The goal of vesper is to provide transparency around what a host is doing, who it's talking to, and how it's talking.

Have you ever wondered what DNS requests your applications or the underlying host daemons were making, or what version of TLS or specific ciphers were being negotiated? Vesper's aim is to provide that information and more. Vesper will not take action against any information it finds -- it's sole goal is to report information in a way that another agent or system could consume for enforcement and alerting.

Examples

DNS Query and Response

Vesper can provide information about what DNS queries have been made from the host, who responded, and what that response was:

# DNS query made by the host
{
    "time":"2022-09-19T14:41:27.127059667+00:00",
    "type":"DnsQuery",
    "event":{
        "DnsQuery":{
            "source": {"ip":"192.168.109.2","port":54329},
            "destination":{"ip":"192.168.109.1","port":53},
            "id":57975,
            "questions":[
                {"type":"A","name":"connectivity-check.ubuntu.com"}
            ]
        }
    }
}

# Subsequent response received by the host
{
    "time":"2022-09-19T14:41:27.175101163+00:00",
    "type":"DnsResponse",
    "event":{
        "DnsResponse":{
            "source":{"ip":"192.168.109.1","port":53},
            "destination":{"ip":"192.168.109.2","port":54329},
            "id":57975,
            "status":"NoError",
            "authoritative":false,
            "recursive":true,
            "questions":[
                {"type":"A","name":"connectivity-check.ubuntu.com"}
            ],
            "answers":[
                {"type":"A","name":"connectivity-check.ubuntu.com","value":"35.224.170.84"},
                {"type":"A","name":"connectivity-check.ubuntu.com","value":"35.232.111.17"},
                {"type":"A","name":"connectivity-check.ubuntu.com","value":"34.122.121.32"}
            ]
        }
    }
}

TLS Negotiation

Vesper monitors all TCP traffic to look for packet signatures that match TLS negotiations.

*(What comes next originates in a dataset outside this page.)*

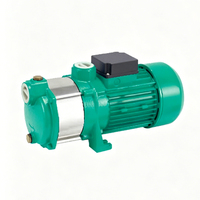 Pompe centrifuge horizontale multi-étages de 0,75 kW, débit de 2-4 m³/h, hauteur de refoulement de 18-45 m, pour surpression d'eau domestique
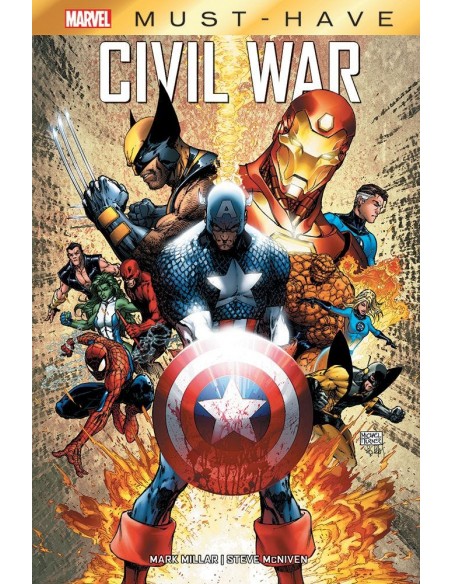 CIVIL WAR - MARVEL MUST HAVE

It currently provides information for the TLS Client Hello and Server Hello events. If you have a specific compliance need for TLS and cipher usage (e.g., TLS 1.2 only with FIPS 140-2 ciphers), Vesper can monitor and report on what's actually being used:

# TLS client hello made by the host
{
    "time":"2022-09-19T14:41:24.894583531+00:00",
    "type":"TlsClientHello",
    "event":{
        "TlsClientHello":{
            "source":{"ip":"192.168.109.2","port":33182},
            "destination":{"ip":"35.186.227.140","port":443},
            "version":"TLSv1_2",
            "ciphers":[
                "TLS_AES_128_GCM_SHA256",
                "TLS_CHACHA20_POLY1305_SHA256",
                "TLS_AES_256_GCM_SHA384",
                "TLS_ECDHE_ECDSA_WITH_AES_128_GCM_SHA256",
                "TLS_ECDHE_RSA_WITH_AES_128_GCM_SHA256",
                "TLS_ECDHE_ECDSA_WITH_CHACHA20_POLY1305_SHA256",
                "TLS_ECDHE_RSA_WITH_CHACHA20_POLY1305_SHA256",
                "TLS_ECDHE_ECDSA_WITH_AES_256_GCM_SHA384",
                "TLS_ECDHE_RSA_WITH_AES_256_GCM_SHA384",
                "TLS_ECDHE_ECDSA_WITH_AES_256_CBC_SHA",
                "TLS_ECDHE_ECDSA_WITH_AES_128_CBC_SHA",
                "TLS_ECDHE_RSA_WITH_AES_128_CBC_SHA",
                "TLS_ECDHE_RSA_WITH_AES_256_CBC_SHA",
                "TLS_RSA_WITH_AES_128_GCM_SHA256",
                "TLS_RSA_WITH_AES_256_GCM_SHA384",
                "TLS_RSA_WITH_AES_128_CBC_SHA",
                "TLS_RSA_WITH_AES_256_CBC_SHA"
            ]
        }
    }
}

# TLS server hello made by the remote server
{
    "time":"2022-09-19T14:41:24.896369601+00:00",
    "type":"TlsSeverHello",
    "event":{
        "TlsServerHello":{
            "source":{"ip":"35.186.227.140","port":443},
            "destination":{"ip":"192.168.109.2","port":33182},
            "version":"TLSv1_2",
            "cipher":"TLS_AES_128_GCM_SHA256"
        }
    }
}

Design Goals

  1. Security: It should go without saying. Although eBPF has mechanisms to protect against unsafe programs, we should consider security at every step of the pipeline.
  2. Simplicity: Focus the agent's features on getting and exposing the data. Don't add features that could be done better by another application (e.g., log offload to the cloud).
  3. Performance: Keep the packet data path as fast as possible.

Feature Goals

  • Telemetry
    • Data flow statistics for TCP and UDP
    • Protocol-specific diagnostic information (e.g., TCP retransmits)
    • DNS query and response data
    • TLS negotiation information
  • Output
    • JSON logging
    • CIM-compliant data format
  • Configuration
    • Ignore traffic from specific sources/destinations (ideally by domain or CIDR)
    • Attach to multiple network interfaces
    • Pick and choose what data to collect
    • Policies for higher-level logging (e.g., TLS version, ciphers)

Building From Source

Prerequisities

  • Rust (any version)
  • LLVM 13

Getting Started

  1. Clone the repository.
  2. Run make install

This will install Rust 1.59 so that LLVM 13 is used by both rustc and cargo-bpf, which is needed for BPF probes to work. (Read More)

Build and Run

Run make build to build both the probe and the agent binary, or make build-probes / make build-agent separately.

You can run the application with:

INTERFACE=<interface name, e.g., en0> make run
You might also like...
This crate allows you to safely initialize Dynamically Sized Types (DST) using only safe Rust.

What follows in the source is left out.